跳转至

Metrics

\(\operatorname{IoU}\)即交并比,又名 Jaccard Index,在语义分割中一直广为使用。

\[ \operatorname{IoU} = \frac{target \cup prediction}{target \cap prediction} \]

\(\mathrm{IoU}\)一般基于类计算,也有基于图片计算1,一定要看清数据集的评价标准。

对于\(\mathrm{mIoU}\),就是基于类计算的\(\mathrm{IoU}\)对每一类的值进行累加后取平均。

具体到计算上,设 Ground Truth 为\(A_{GT} \in \mathbb{R}^{2}\),预测结果\(A_{PE} \in \mathbb{R}^2\),则对于\(A_{GT}\)中的每一个像素的真实值值\(A_{GT}[x, y]\)(代表一个类),与预测值作混淆矩阵(confusion matrix)。我们考虑一个简单的情况:

\[ A_{GT} = \begin{bmatrix} 1 & 1 \\ 2 & 2 \end{bmatrix},\quad A_{PE} = \begin{bmatrix} 2 & 1 \\ 2 & 2 \end{bmatrix} \]

则其混淆矩阵\(M\)(横向为 GT,纵向为 PE)

\[ M = \begin{bmatrix} 1 & 0 \\ 1 & 2 \end{bmatrix} \]

或许画个正字会好一些?

那么可知,\(\mathrm{IoU}_1 = \frac{1}{2} = 0.5\)\(\mathrm{IoU}_2=\frac{2}{3} \approx 0.667\)\(\mathrm{mIoU}\)为二者的平均。

从向量的角度理解,\(\mathrm{IoU}_i\)即为主对角线上第\(i\)个元素除以(第\(i\)行所有值的和),即\(\mathrm{IoU}_i = \frac{M[i, i]}{M[i, :]}\)。进而,\(\mathrm{mIoU} = \frac{\sum_{i=1}^n{\mathrm{IoU_i}}}{n}\)

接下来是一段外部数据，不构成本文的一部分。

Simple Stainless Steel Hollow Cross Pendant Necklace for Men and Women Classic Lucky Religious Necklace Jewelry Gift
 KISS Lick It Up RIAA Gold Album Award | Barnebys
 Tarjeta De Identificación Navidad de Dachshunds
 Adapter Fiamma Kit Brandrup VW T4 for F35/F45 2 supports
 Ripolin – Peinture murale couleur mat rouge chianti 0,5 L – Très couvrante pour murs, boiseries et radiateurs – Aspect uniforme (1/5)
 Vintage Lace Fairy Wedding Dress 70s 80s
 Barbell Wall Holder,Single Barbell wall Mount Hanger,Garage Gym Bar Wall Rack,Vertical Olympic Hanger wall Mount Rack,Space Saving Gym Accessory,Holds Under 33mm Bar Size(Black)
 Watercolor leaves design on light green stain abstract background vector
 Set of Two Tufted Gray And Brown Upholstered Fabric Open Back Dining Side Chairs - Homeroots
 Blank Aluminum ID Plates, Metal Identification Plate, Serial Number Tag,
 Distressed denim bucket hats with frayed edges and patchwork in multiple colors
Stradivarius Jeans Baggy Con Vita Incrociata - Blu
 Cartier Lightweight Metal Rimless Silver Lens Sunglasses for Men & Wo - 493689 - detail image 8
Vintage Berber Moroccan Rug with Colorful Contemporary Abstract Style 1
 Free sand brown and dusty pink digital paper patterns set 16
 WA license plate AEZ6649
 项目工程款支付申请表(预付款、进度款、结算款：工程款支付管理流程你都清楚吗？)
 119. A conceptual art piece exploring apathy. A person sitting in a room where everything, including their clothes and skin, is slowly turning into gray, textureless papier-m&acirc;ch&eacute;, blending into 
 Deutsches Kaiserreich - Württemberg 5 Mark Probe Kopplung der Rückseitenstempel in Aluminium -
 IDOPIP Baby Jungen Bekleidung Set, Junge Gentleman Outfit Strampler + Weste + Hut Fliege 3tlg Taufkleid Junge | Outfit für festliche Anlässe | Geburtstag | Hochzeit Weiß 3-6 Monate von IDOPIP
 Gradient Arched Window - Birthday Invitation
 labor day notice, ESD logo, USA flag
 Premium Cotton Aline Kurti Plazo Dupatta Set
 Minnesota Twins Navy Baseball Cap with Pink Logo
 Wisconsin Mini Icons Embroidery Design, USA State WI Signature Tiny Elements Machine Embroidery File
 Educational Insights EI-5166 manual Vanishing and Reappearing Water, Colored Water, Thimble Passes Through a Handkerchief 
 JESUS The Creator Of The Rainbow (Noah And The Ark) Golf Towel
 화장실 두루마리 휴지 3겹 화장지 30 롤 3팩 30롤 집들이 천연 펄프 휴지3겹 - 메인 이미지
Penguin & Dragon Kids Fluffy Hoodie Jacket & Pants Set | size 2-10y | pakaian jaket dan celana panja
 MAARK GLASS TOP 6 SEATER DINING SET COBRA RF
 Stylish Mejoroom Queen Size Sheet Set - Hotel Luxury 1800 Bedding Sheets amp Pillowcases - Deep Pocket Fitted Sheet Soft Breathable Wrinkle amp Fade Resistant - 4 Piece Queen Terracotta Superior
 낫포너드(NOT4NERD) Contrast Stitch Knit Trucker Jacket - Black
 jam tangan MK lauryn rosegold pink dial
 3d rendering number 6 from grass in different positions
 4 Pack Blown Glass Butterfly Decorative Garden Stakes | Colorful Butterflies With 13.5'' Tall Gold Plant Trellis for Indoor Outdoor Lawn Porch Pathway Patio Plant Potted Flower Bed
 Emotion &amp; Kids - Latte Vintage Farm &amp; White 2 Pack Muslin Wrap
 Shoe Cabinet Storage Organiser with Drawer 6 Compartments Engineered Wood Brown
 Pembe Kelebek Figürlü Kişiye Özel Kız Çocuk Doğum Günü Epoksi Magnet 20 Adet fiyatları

\(\mathrm{IoU}\)PyTorch实现可以这样做:

def _threshold(x, threshold=None):
    if threshold is not None:
        return (x > threshold).type(x.dtype)
    else:
        return x

def _list_tensor(x, y, sigmoid = False):
    m = torch.nn.Sigmoid()
    if type(x) is list:
        x = torch.tensor(x)
        y = torch.tensor(y)
        if sigmoid:
            x = m(x)
    else:
        x, y = x, y
        if sigmoid:
            x = m(x)
    return x, y

def iou(pr, gt, eps=1e-7, threshold = 0.5, sigmoid = False):
    pr_, gt_ = _list_tensor(pr, gt, sigmoid = sigmoid)
    pr_ = _threshold(pr_, threshold=threshold)
    intersection = torch.sum(gt_ * pr_)
    union = torch.sum(gt_) + torch.sum(pr_) - intersection
    return ((intersection + eps) / (union + eps)).cpu().numpy()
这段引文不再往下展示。